I walked around Lady Macquarie's Chair the giant stone seat carved into the hillside on the Headland between Farm Cove and Woolloomooloo Bay looking north across the Harbour. What Lady Macquarie would have made of the hordes of Asian tourist groups crowding densely around her chair and the headland can only be guessed -but it might have done her a lot of good to witness it. How different a mature and independent Australia is from the Colony her husband governed so well!

Looking across Farm Cove to our town Sydney - all grown up and looking great
 
Across Farm Cove of course lay the Opera House on the site of the former Tram Depot called Fort Macquarie, and further on the Sydney Harbour Bridge, which was only 8 years old when I was born. From the lawns of the Botanical Gardens I looked up to the City, and came to the conclusion that the vast aggregation of tall buildings works rather well visually. Their characters are rather different, but in some way are complementary to one another the old town has grown up - and she looks great!
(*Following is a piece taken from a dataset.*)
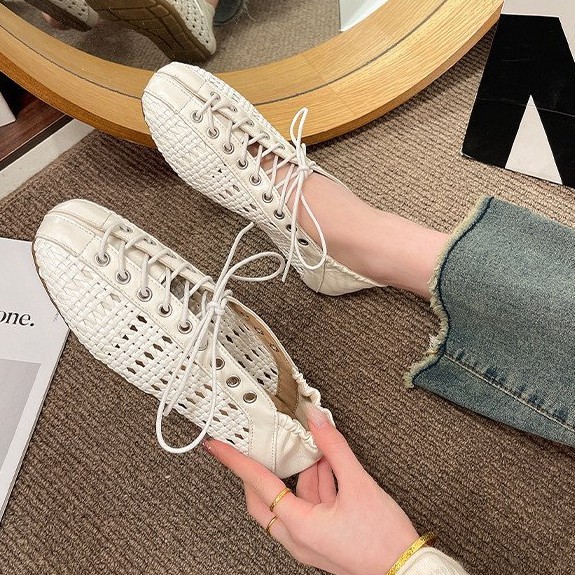 Zapatos franceses de tejido hueco transpirables de correa cruzada para mujeres 2026 nuevos zapatos de mujer de verano cómodos y planos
Here and there are traces of a previous time! And "time" is a good reference to use. For the several clock towers which once raised their giant timepieces high above the City's roofs, are, with the exception of the Central Station clock tower, largely obscured by later development.



                                                               The LANDS DEPARTMENT Clock Tower dwarfed 
Bridge Street was once a magnificent avenue of sandstone Government and Commercial buildings for the greater part. Here we see the Lands Department clock tower which is dwarfed by the surrounding office towers, but still retaining its dignity. Not so fortunate was the Royal Exchange Building which was demolished in the 1950s to make way for an undistinguished office block. It had been a particularly pleasing building, which featured on its Pitt Street frontage stairs going down to the Winecellar Restaurant just below street level.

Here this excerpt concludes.